ABSTRACT

The Mediterranean region is a region of contrasts. In Braudel’s language it is a place

where ‘contradictions’ converge and diverge. On the positive side, it is a region of

rich cultural heritage; on the negative side, it is a region in which external and

internal political forces have systematically wounded the identity of its people and

their relationship with each other. From Rabat to Damascus, from Athens to Tunis,

from Lisbon to Nicosia, the Mediterranean region is a cultural, economic and social

area in search of a ‘common language of development’. Cultures differ but yet they

converge into a Mediterranean identity which scholars have defined in various

academic terms but so far have failed to institutionalize into educational

programmes of studies across lower and higher education institutions in the whole

region.
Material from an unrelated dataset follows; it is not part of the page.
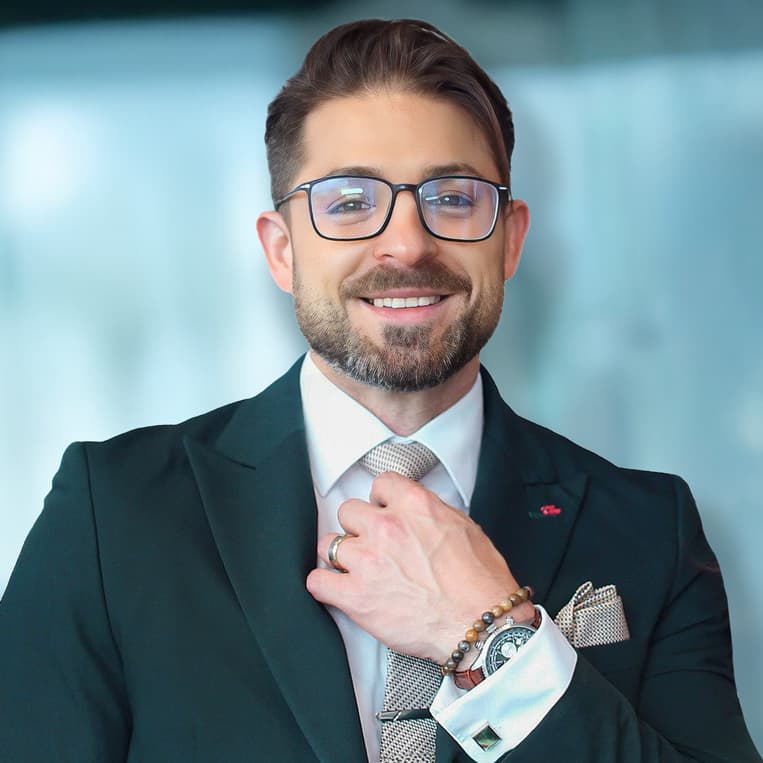 Buhara Demir, Chief Marketing Officer, Frankfurt am Main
The repercussions for this failure are that investments and exchanges in the

region have been sporadic and yielding insignificant economic results. Systems of

communication between the Mediterranean countries are far from the standards of

the ‘old’ continent. In fact, the Mediterranean region is a region of ‘silence’ broken

by the horrors of civil wars and conflicts ‘in the name of God’. It is a region of

invisible walls that divide the northern from the southern shores; that divide

religions; that divide systems of governance; that divide regional infrastructural

initiatives; that divide systems of education and training; that divide ordinary men

and women from achieving the same quality of life as that experienced in many parts

of the Western world. It is a region which, in many parts, still looks down upon its

own human resources and relies upon external influences and expertise in a

mediating role among its very own forces of development.